Visualizing Mahout in Zeppelin

** DEPRECATED : While this page is useful for learning how to set up Mahout in Zeppelin, we strongly reccomend using a pre-built Docker container for trying out Mahout. See instructions here **

The Apache Zeppelin is an exciting notebooking tool, designed for working with Big Data applications. It comes with great integration for graphing in R and Python, supports multiple langauges in a single notebook (and facilitates sharing of variables between interpreters), and makes working with Spark and Flink in an interactive environment (either locally or in cluster mode) a breeze. Of course, it does lots of other cool things too- but those are the features we’re going to take advantage of.

Step1: Download and Install Zeppelin

Zeppelin binaries by default use Spark 2.1 / Scala 2.11, until Mahout puts out Spark 2.1/Scala 2.11 binaries you have two options.

Option 1: Build Mahout for Spark 2.1/Scala 2.11

Build Mahout

Follow the standard procedures for building Mahout, except manually set the Spark and Scala versions - the easiest way being:

git clone http://github.com/apache/mahout
cd mahout
mvn clean package -Dspark.version=2.1.0 -Dscala.version=2.11.8 -Dscala.compat.version=2.11 -DskipTests

Download Zeppelin

cd /a/good/place/to/install/
wget http://apache.mirrors.tds.net/zeppelin/zeppelin-0.7.1/zeppelin-0.7.1-bin-all.tgz
tar -xzf zeppelin-0.7.1-bin-all.tgz
cd zeppelin*
bin/zeppelin-daemon.sh start

And that’s it. Open a web browser and surf to http://localhost:8080

Proceed to Step 2.

Option2: Build Zeppelin for Spark 1.6/Scala 2.10

We’ll use Mahout binaries from Maven, so all you need to do is clone, and build Zeppelin-

git clone http://github.com/apache/zeppelin
cd zeppelin
mvn clean package -Pspark1.6 -Pscala2.10 -DskipTests

After it builds successfully…

bin/zeppelin-daemon.sh start

And that’s it. Open a web browser and surf to http://localhost:8080

Step2: Create the Mahout Spark Interpreter

After opening your web browser and surfing to http://localhost:8080, click on the Anonymous button on the top right corner, which will open a drop down. Then click Interpreter.

Screen Shot1

At the top right, just below the blue nav bar- you will see two buttons, “Repository” and “+Create”. Click on “+Create”

The following screen should appear.

Screen Shot2

In the Interpreter Name enter mahoutSpark (you can name it whatever you like, but this is what we’ll assume you’ve named it later in the tutorial)

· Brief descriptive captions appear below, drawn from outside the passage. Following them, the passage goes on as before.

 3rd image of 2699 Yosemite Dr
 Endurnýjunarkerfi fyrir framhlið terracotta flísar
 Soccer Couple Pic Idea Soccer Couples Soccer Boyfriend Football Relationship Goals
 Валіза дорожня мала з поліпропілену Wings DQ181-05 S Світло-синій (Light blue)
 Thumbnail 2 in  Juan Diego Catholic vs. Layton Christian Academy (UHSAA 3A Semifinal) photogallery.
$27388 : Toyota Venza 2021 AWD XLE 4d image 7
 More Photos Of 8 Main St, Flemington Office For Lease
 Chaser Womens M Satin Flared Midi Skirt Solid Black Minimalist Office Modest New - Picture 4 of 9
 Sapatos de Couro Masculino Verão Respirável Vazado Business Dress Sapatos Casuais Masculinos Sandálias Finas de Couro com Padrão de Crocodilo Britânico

In the Interpreter group drop down, select spark. A bunch of other settings will now auto-populate.

Scroll to the bottom of the Properties list. In the last row, you’ll see two blank boxes.

Add the following properies by clicking the “+” button to the right.

name	value
spark.kryo.referenceTracking	false
spark.kryo.registrator	org.apache.mahout.sparkbindings.io.MahoutKryoRegistrator
spark.kryoserializer.buffer	32
spark.kryoserializer.buffer.max	600m
spark.serializer	org.apache.spark.serializer.KryoSerializer

Step 3: Add Dependendencies

You’ll also need to add the following Dependencies.

If you chose Option1 in Step 1:

Where /path/to/mahout is the path to the directory where you’ve built mahout.

artifact	exclude
/path/to/mahout/core_2.11-0.14.jar
path/to/mahout/mahout-hdfs_2.11-0.14.jar
/path/to/mahout/mahout-spark_2.11-0.14.jar
/path/to/mahout/mahout-spark_2.11-0.14.jar-dependeny-reduced.jar

If you chose Option2 in Step 1:

artifact	exclude
org.apache.mahout:mahout-core:0.14
org.apache.mahout:mahout-hdfs-scala_2.11:0.14
org.apache.mahout:mahout-spark_2.11:0.14
org.apache.mahout:mahout-native-viennacl-omp_2.11:0.14

OPTIONALLY You can add one of the following artifacts for CPU/GPU acceleration.

artifact	exclude	type of native solver
org.apache.mahout:mahout-native-viennacl_2.11:0.14		ViennaCL GPU Accelerated
org.apache.mahout:mahout-native-viennacl-omp_2.11:0.14		ViennaCL-OMP CPU Accelerated (use this if you don't have a good graphics card)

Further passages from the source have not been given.